Microsoft – Skype, ultima chiamata per il mobile
La mossa di Microsoft è dettata dal timore di restare ancora una volta indietro nella corsa allo sviluppo tecnologico e marginalizzata nel panorama dei nuovi terreni di valorizzazione informazionale, prima con il passaggio dalla centralità dell’esperienza desktop a quella in rete (fase che vede l’affermazione di Google ed il non casuale tentativo di risposta della grande M con l’acquisto di Bing) e poi con l’allargamento della fruizione della rete dal pc fisso ad una serie di dispositivi mobili.
Infatti, durante il recente ventennale di Linux, le dichiarazioni trionfanti dei portavoce della fondazione omonima hanno rispecchiato una realtà inequivocabile: l’egemonia di Wintel (il portmanteau che riassumeva il predominio del sistema operativo di Microsoft unito a quello dei processori e delle architetture Intel sul mercato dei personal computer) è al capolinea, e con essa un’intera forma di produzione economica informazionale.
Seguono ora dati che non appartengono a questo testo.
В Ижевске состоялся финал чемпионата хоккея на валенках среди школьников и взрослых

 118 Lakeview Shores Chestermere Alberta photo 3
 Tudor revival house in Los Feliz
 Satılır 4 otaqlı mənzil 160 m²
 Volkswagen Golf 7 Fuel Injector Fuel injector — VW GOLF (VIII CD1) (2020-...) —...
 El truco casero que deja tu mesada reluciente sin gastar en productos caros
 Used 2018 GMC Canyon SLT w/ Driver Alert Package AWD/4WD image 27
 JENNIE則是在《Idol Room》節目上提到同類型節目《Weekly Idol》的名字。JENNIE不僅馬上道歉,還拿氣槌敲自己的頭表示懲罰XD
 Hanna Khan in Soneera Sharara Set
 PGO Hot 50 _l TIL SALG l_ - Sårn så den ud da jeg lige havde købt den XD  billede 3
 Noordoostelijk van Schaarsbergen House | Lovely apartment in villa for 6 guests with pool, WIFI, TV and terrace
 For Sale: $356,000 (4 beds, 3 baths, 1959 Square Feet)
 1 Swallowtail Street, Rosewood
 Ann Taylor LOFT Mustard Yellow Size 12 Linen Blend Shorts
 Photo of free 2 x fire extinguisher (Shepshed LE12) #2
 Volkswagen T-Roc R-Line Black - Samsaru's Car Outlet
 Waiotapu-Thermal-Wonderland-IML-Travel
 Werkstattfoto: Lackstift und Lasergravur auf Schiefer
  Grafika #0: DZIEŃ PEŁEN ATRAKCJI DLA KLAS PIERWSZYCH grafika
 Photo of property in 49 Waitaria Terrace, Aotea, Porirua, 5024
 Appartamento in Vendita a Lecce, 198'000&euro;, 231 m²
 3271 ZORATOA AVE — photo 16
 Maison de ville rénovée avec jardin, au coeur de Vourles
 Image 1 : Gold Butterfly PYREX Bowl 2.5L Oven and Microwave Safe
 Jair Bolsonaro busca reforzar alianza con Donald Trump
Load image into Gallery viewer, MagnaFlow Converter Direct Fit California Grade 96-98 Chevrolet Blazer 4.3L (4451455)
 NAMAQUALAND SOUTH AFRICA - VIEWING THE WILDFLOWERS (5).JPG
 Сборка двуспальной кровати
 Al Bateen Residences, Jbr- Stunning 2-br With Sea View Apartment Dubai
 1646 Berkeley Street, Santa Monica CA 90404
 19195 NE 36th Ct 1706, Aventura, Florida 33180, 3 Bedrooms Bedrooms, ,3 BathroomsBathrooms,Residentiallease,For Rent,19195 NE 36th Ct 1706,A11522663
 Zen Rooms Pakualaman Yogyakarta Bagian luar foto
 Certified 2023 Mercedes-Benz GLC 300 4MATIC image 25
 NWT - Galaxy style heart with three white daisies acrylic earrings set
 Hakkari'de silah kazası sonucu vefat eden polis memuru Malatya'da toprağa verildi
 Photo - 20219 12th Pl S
Non tanto perché la coppia non continui a godere di una considerevole base d’utenza (Windows è installato su oltre il 90% dei personal computer) quanto perché sono mutate le piattaforme di accesso al web, le loro interfacce e le finalità dei loro utenti.
Uno sciame di dispositivi che dialoga al meglio con e verso quegli stessi sistemi operativi liberi che dominano dal lato server del cloud computing (termine che indica la molteplicità di applicazioni e servizi web a cui accedere da remoto attraverso il proprio elaboratore) e che alcuni hanno cercato di ricomprendere nell’altro portmanteau Armdroid (Android ed ARM – rispettivamente il sistema operativo (made in Google) ed il processore più in auge sugli attuali dispositivi mobili).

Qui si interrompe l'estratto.